Warning: Spoilers ahead.
Consider Pranks (aka, The Dorm That Dripped Blood). Very low budget. Four college kids (count 'em, just four!), at an deserted college campus. Two guys, two gals. The campus is deserted because the kids are closing it up for the winter break.
Okay, there's a fifth student, Daphne Zuniga (the Last Girl in The Initiation), but Zuniga dies early in this film (nicely run over by a car), along with her parents. Then two other college kids (and the red herring suspect) are killed over the next hour.

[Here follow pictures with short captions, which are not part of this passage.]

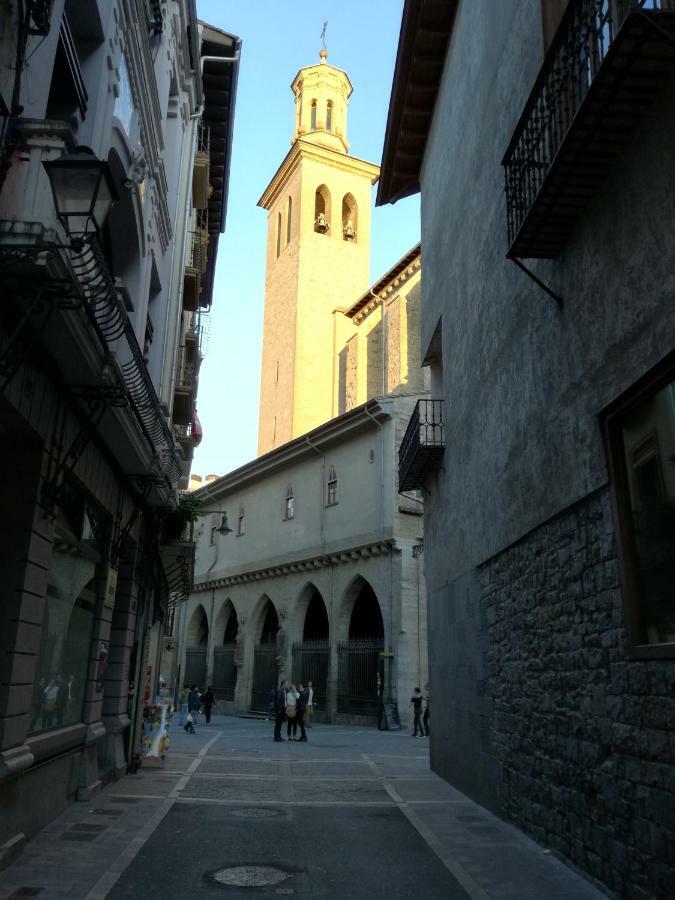 Calle Ansoleaga A 100 Mts Del Ayuntamiento Памплона Экстерьер фото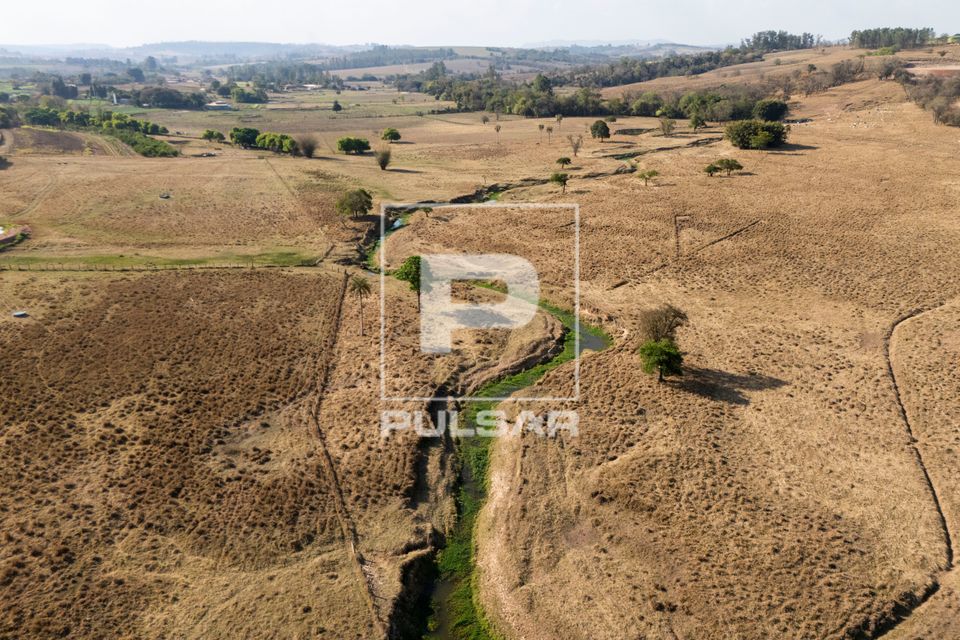 Vista de drone do Ribeirão Jacutinga afluente do rio Corumbataí e pasto seco durante estiagem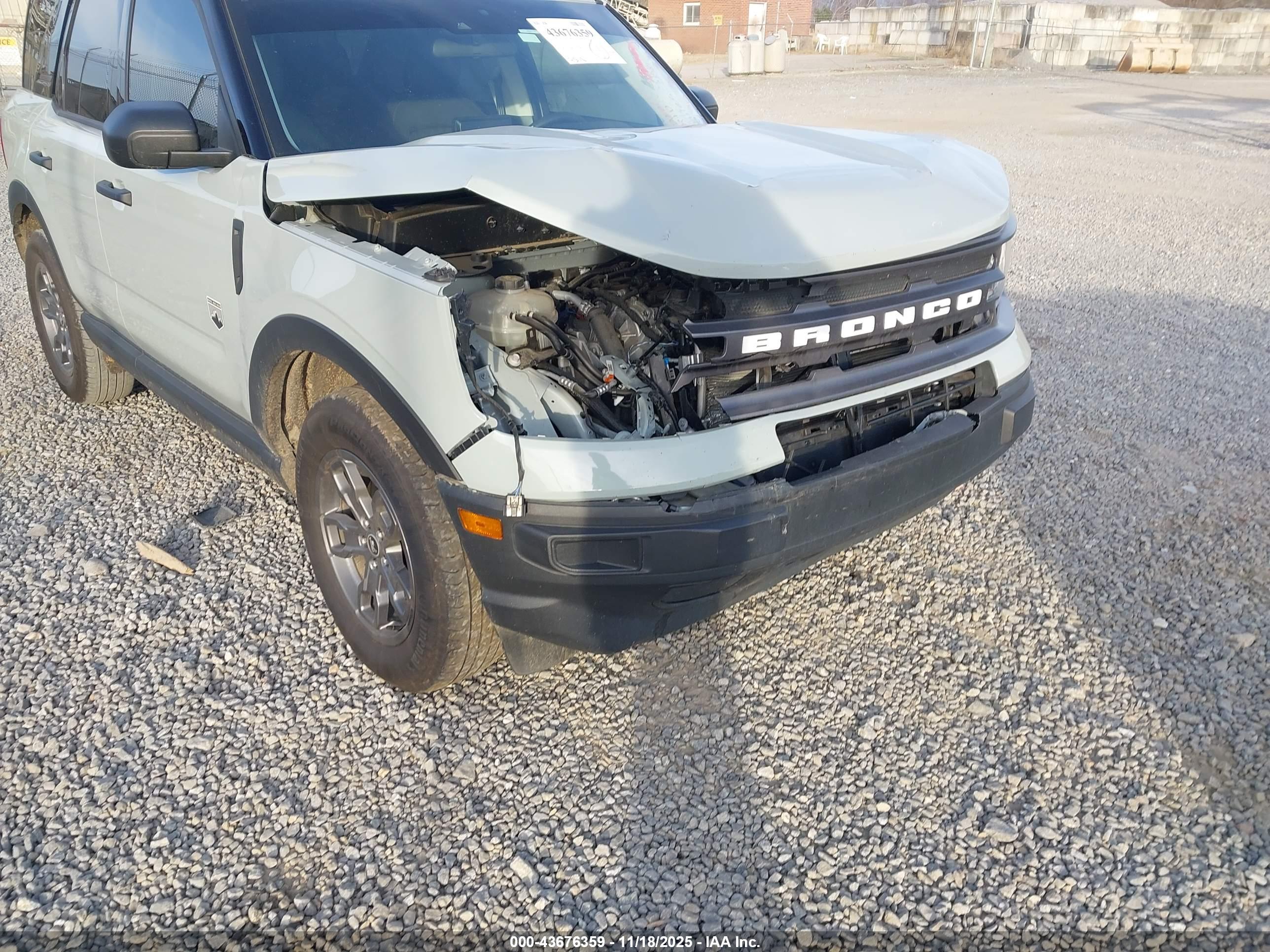 FORD BRONCO image 6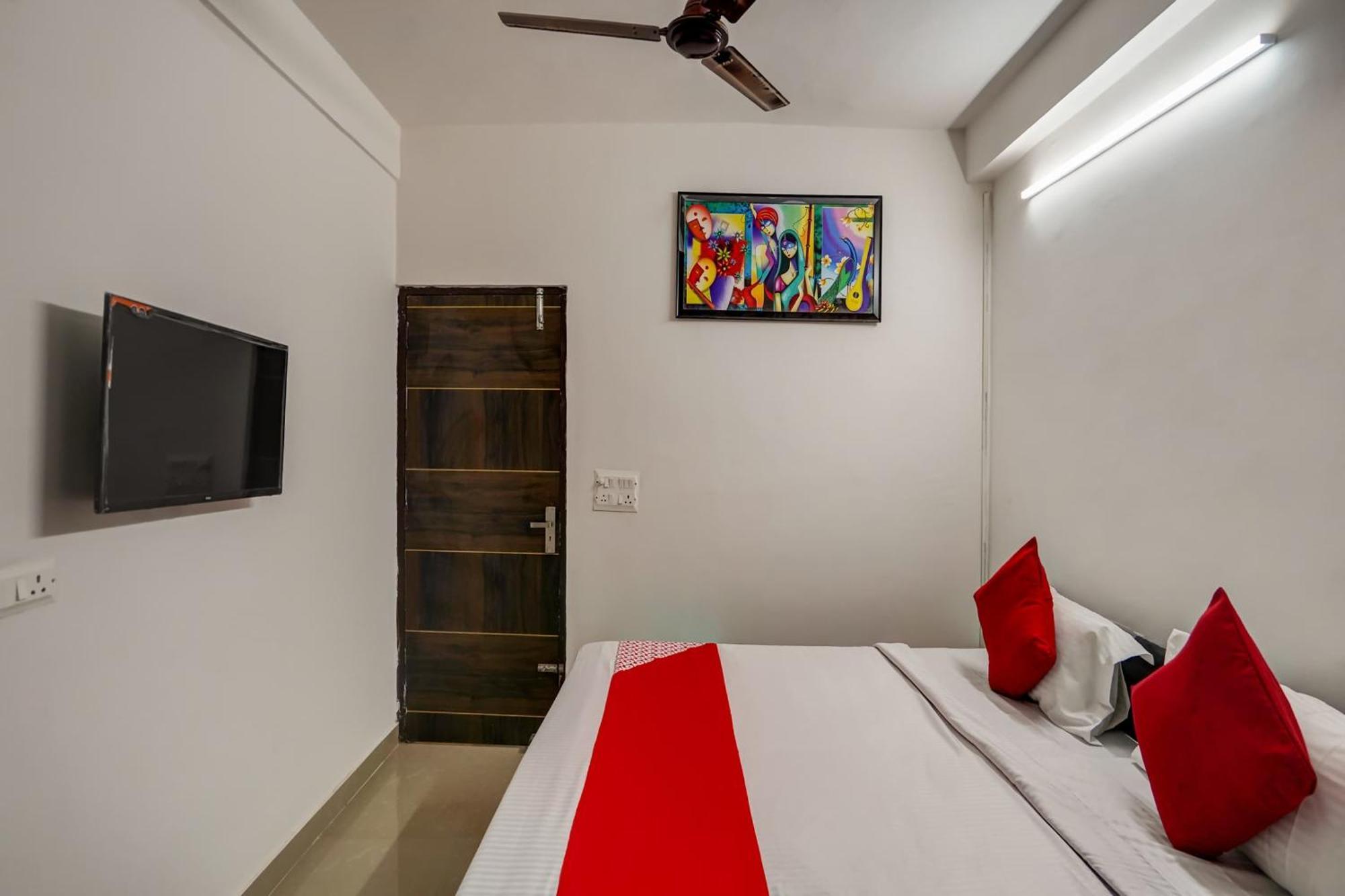 Hotel O Pubg Residency Нью-Делі Екстер'єр фото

That leaves the Last Girl with another kid who turns out to be the psycho killer. There was no reason to suspect him, it's all arbitrary, but that's common and appropriate for horror films, albeit not for mysteries. Mysteries require clues so the audience may guess the killer; horror is about fear, not a puzzle, and a threat is all the more fearsome if its identity is unknowable.
Then this psycho kills the Last Girl. He also successfully fools the cops, so he gets off. We know he'll be out there killing again.
Then there's Hide and Go Shriek. Eight high school kids celebrate their graduation by hiding out in a furniture store for sex and hijinks. They can do this because one of their dads owns the store, Fine Furniture. (This is similar to the kids hiding out in the mall in The Initiation, because, you guessed it, Daphne Zuniga's dad owns the mall.)
The killer in Hide and Go Shriek turns out to be a cross-dressing gay. Probably a less likely villain in today's more PC climate, but standard for the time. What's remarkable about Hide and Go Shriek is that four of the eight students (two guys and two girls) survive!
That's right. Eight potential victims, and fully half of them survive. Yes, there are some incidental victims, but four survivors does not make for a very generous body count. Still, Hide and Go Shriek is entertaining, in that "1980s low budget slasher" sort of way.
And there's also Intruder, a very nice film about grocery clerks closing up a store that's about to be sold and torn down. Not only does the killer survive, but so do two of the kids -- the potential Last Girl (Elizabeth Cox) and her ex-boyfriend -- who are then falsely arrested for the murders. As in Pranks, the cops are fooled.
Again, this is appropriate for horror, if not for mysteries. The latter genre seeks order, while the former creates fear by disrupting that order. If the cops are inept, the world becomes a more fearsome place.
Intruder features Renée Estevez, who also appears in Sleepaway Camp II: Unhappy Campers. Estevez is sister to Emilio Estevez and Martin Sheen, daughter of Martin Sheen.
All the the above films are recommended for hardcore horror fans. By "hardcore," I mean "forgiving." Only a forgiving, hardcore fan would enjoy some of the above ultra-low budget fare, Pranks being the lowest budgeted.